I keep track of all my attempted sell/buy orders. In 2018 I made 65 attempts with about 10% of them running away from me (Following about 3-4 systems with low turnover). Some tank and are losers, others are winners but I have no reliable way of predicting which is a loser and which is a winner. Some initial tankers make a U-turn and become winners and vice versa.

I do not have time to watch and adjust orders throughout the day. In fact, I can’t even wait to see what happens at the open as I’m a west-Coaster and I need to…go to work!

I set my orders on Sunday based on previous close.
Close to minus 0.5% for sell orders
Close to Plus 0.5% for buy orders
I make them for the entire week and I do not adjust. About 70% of them go through on Day 1. Others are filled throughout the week, or not at all

I cringe at the thought of my transactions quadrupling or more. There’s no reason to believe that the ratio of run-away orders would decrease.

If owners of DMs are intending followers to monitor open prices, adjust, watch, calculate VWAPs, etc…then it’s absolutely no mystery to me that there’s so little interest in current DMs. You have to understand your target audience.

Maybe just different ports with different liquidity or different expected returns for each purchase. Thank you for sharing your experience!

-Jim

Hello,

Lot’s of great points mentioned but the most important reason is the probability of selecting a DM that will perform well Out of sample. This is a very difficult choice and knowing what is under the hood is important but there is one more thing that greatly influences the decision.
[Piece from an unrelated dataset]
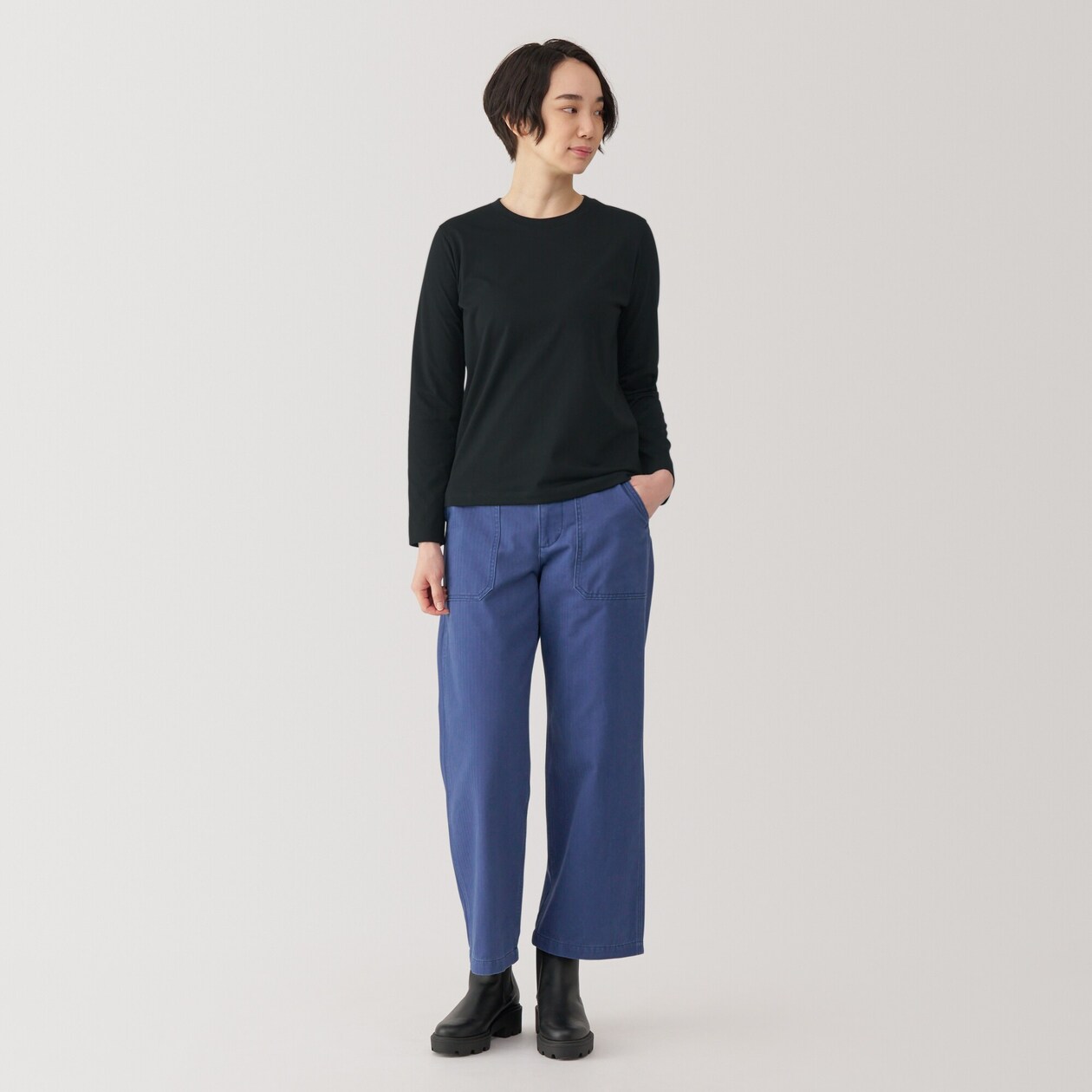 婦人　天竺編みクルーネック長袖Ｔシャツ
The reputation of the designer. My numbers are not exact but since the first 2 years of DM launched there are only 30 models that have positive excess return over the last 2 years out of 120 total. I’m sure the numbers are not much different since inception. If you were to include the grave yard the numbers would be magnified 2 or 3 times. Let’s say a designer has launched 10 models since 2013 and has retired 8 with bad performance and 2 are left from 2014. In 2014 there is no way for me to decide which of the 10 DM to invest in since I have no way of knowing which ones work. Fast forward during that time period the designer launches another 5 models that have great back tests but very little OS performance. Would you invest in any of the new five models if you knew the same designer has retired 8 that don’t work? The point is as a Designer you hurt your credibility by retiring models that don’t work. I’m not sure how to fix this since no model is perfect but since the vast majority of models fail it is really hard to pick a DM with a high probability of future success. I think the Designers who are successful will have 50% of there models beating the market over the long term and this will be combined in a book explaining the strategy of how these DM will beat the market over the long term. If the strategy does not work deleting it is not the solution since your credibility is gone just like the deleted model.

Regards,
MV

d

“In 2014 there is no way for me to decide which of the 10 DM to invest in since I have no way of knowing which ones work. it is hard to pick a model with high probability of future success”

Well, it is not only 2014, it is ALWAYS. What you are looking for is a nice wish but an illusion.
NO model and no parameter will give you a guarantee, not even a “high probability” that a model (or any model) will result in future financial success.
Otherwise the whole game would be easy.